(Pictures with short captions)

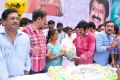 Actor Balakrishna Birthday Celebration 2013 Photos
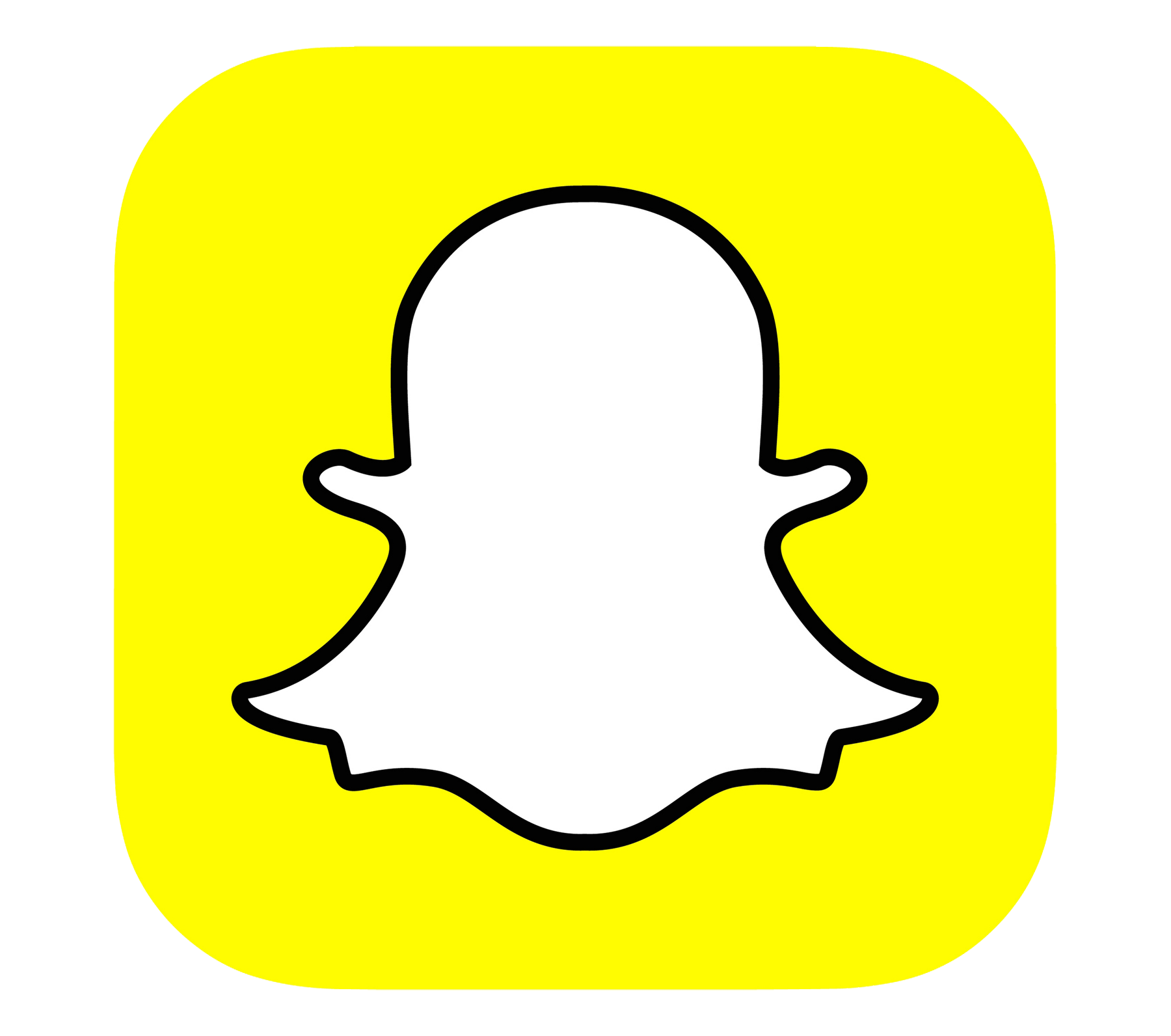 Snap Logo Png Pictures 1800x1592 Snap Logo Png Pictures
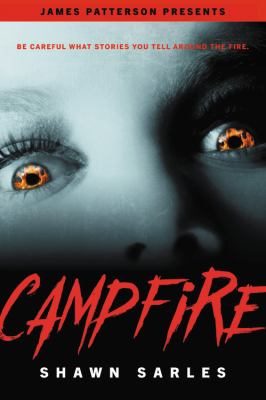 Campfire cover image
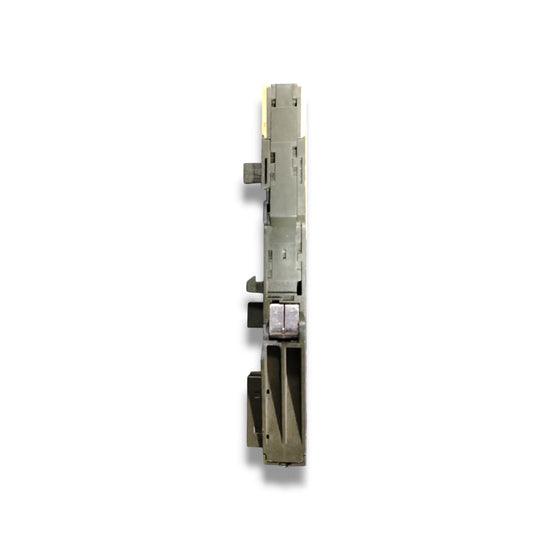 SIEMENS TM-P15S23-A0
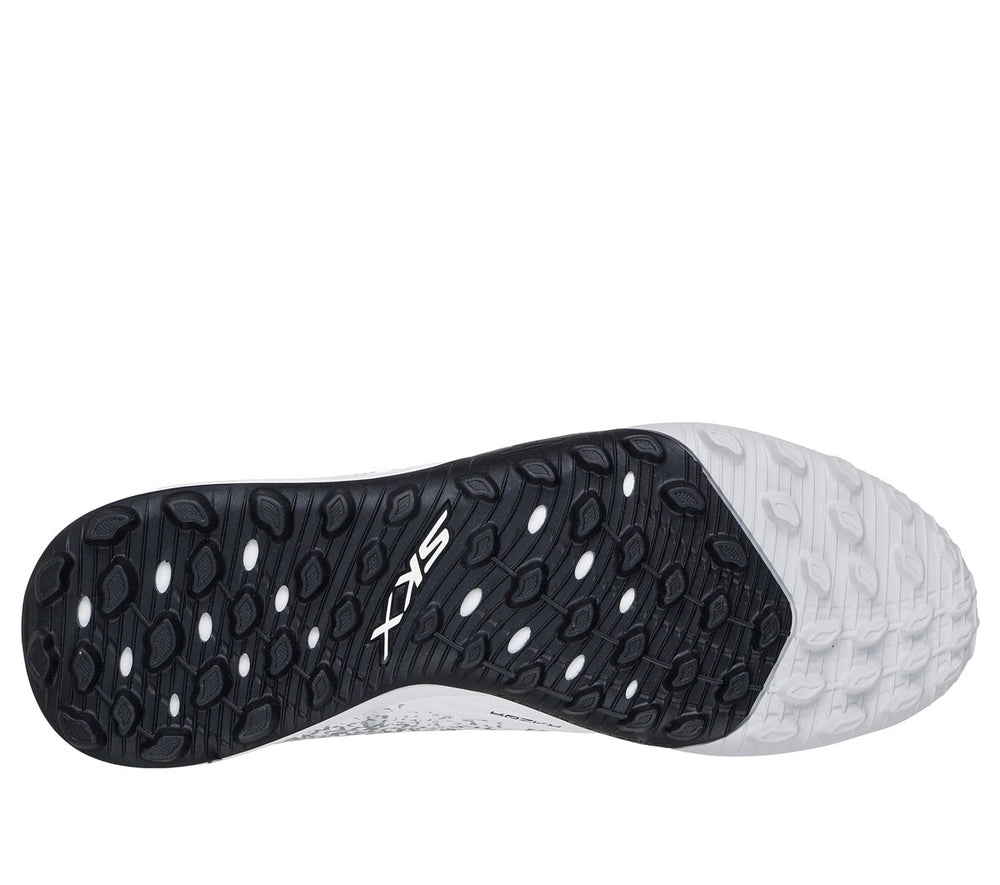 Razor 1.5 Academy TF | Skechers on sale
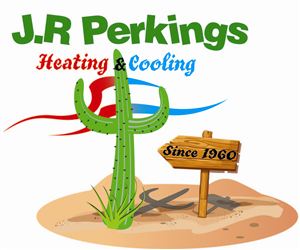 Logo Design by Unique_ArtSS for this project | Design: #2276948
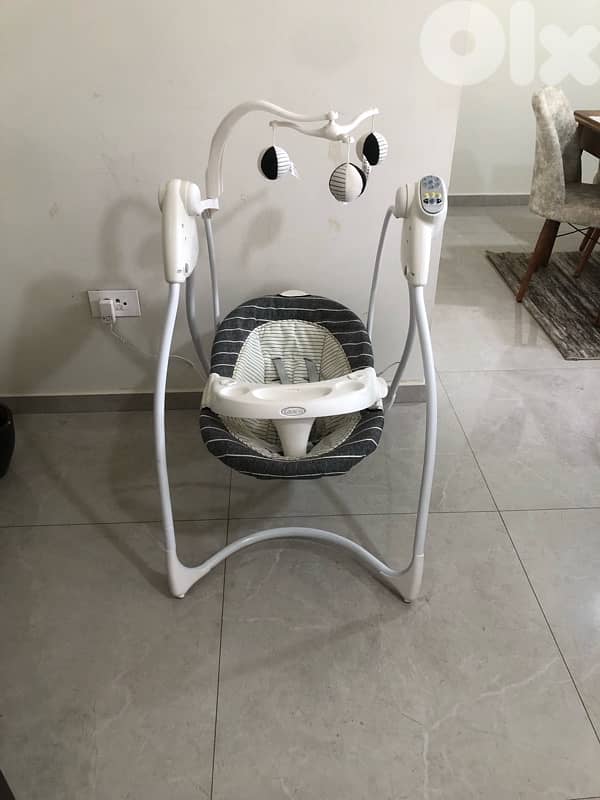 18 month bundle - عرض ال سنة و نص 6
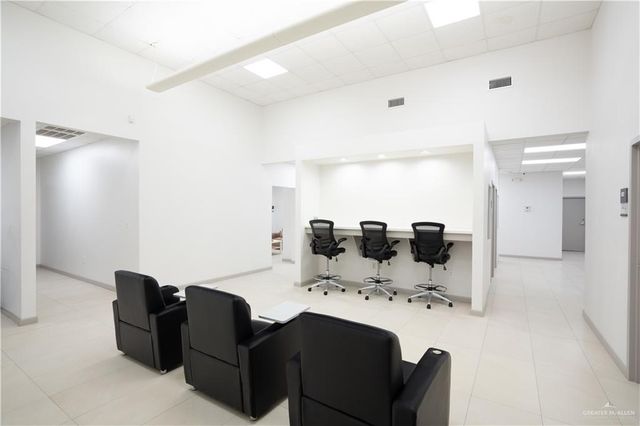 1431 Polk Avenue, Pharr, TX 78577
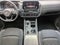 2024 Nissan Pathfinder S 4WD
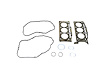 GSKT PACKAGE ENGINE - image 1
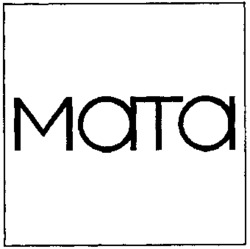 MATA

Work to be completed: Could you output the full set of entries exactly, skipping every picture?

Written response:
 Actor Balakrishna Birthday Celebration 2013 Photos
 Snap Logo Png Pictures 1800x1592 Snap Logo Png Pictures
 Campfire cover image
 SIEMENS TM-P15S23-A0
 Razor 1.5 Academy TF | Skechers on sale
 Logo Design by Unique_ArtSS for this project | Design: #2276948
 18 month bundle - عرض ال سنة و نص 6
 1431 Polk Avenue, Pharr, TX 78577
 2024 Nissan Pathfinder S 4WD
 GSKT PACKAGE ENGINE - image 1
 MATA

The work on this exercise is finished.